Add a splash of coconut milk

Staying on the theme of creamy broths, coconut milk is one of the best catalysts for a richer soup. Especially if you’re using a chicken, pork or beef-flavored instant ramen pack, adding a splash of coconut milk transforms your boring broth into one reminiscent of curry.

If you want to pull out the big guns, I recommend stirring in both an egg and coconut milk to elevate the egg-drop method and make your ramen the thickest it has ever been.


String in enoki mushrooms

I sincerely believe there is not one person on this planet who doesn’t like enoki mushrooms. But if you are that one person, it’s time to reconsider your stance with this hack. Enoki mushrooms are the best mushrooms out there — they’re chewy but not too chewy, cook fast and tear apart easily.

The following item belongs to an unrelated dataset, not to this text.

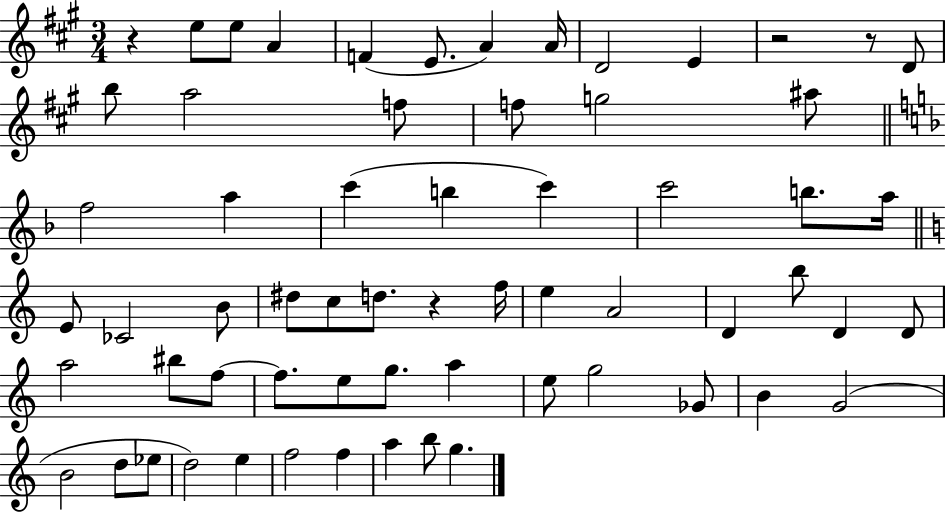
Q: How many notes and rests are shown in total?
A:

While your noodles are boiling, tear enoki mushrooms into skinny bunches of strings and mix them thoroughly into the noodles. Once everything’s cooked, you get a magnificent mixture of soft noodles and tender mushrooms in every bite. Enoki mushrooms are also famously a noodle substitute, so if you’re trying to limit your carb intake, use them exclusively.

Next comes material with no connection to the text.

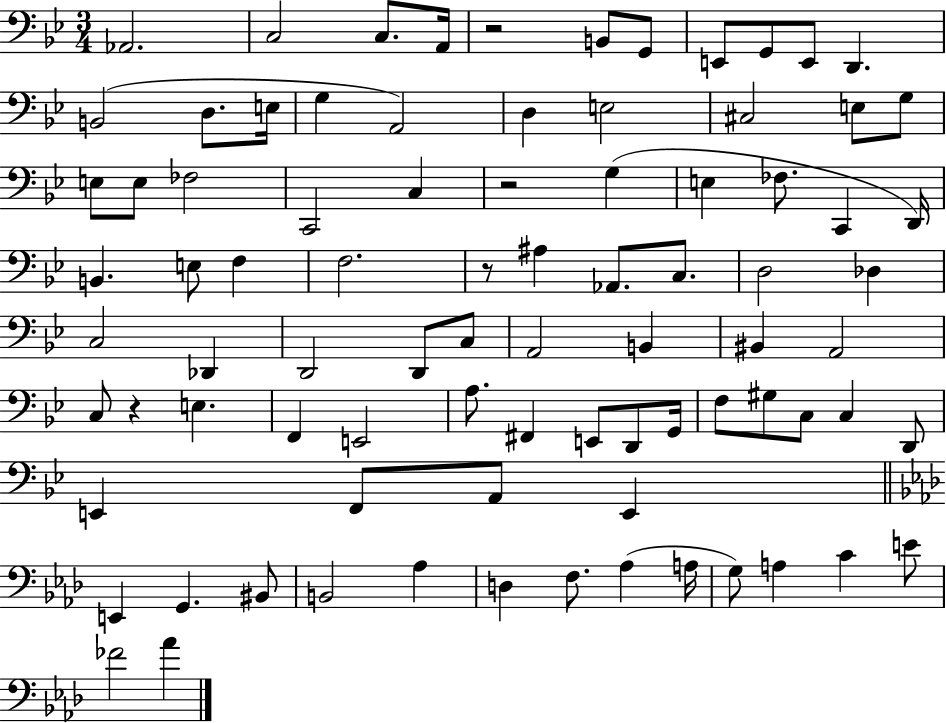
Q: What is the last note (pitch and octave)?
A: Ab4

Crush and sprinkle Flamin’ Hot Cheetos on top

This one goes out to the spice lovers. Typically, if I want to make a dish spicy, I just sauce it up with massive globs of Sriracha. But the broth can’t be the only thing that’s spicy — there has to be a cherry on top.

Take a small bag of Flamin’ Hot Cheetos and crush it recklessly to your heart’s desire. Then, open the bag and sprinkle as many Cheeto bits over your ramen as you’d like. However, don’t sink the bits into the broth — you want to maintain a dichotomy of crunchy and squishy between the Cheetos and the noodles.


Make a dry sauce out of the seasoning packet

It’s 2024 and instant ramen packs are not just for making noodle soups anymore. Instead of pouring your seasoning packet straight into boiling water, form a dry sauce instead to create your very own pasta-like ramen.

First, boil the noodles separately. While those are cooking, mix some light spoonfuls of oyster sauce, soy sauce, sesame oil, chili oil, brown sugar, noodle water and any garnishes like cilantro, green onion, sesame seeds and nori flakes. Throw together whatever sauces you already have and carefully fold the noodles through the final mixture. Don’t be afraid to experiment! 


Contact Andrea Lui at [email protected]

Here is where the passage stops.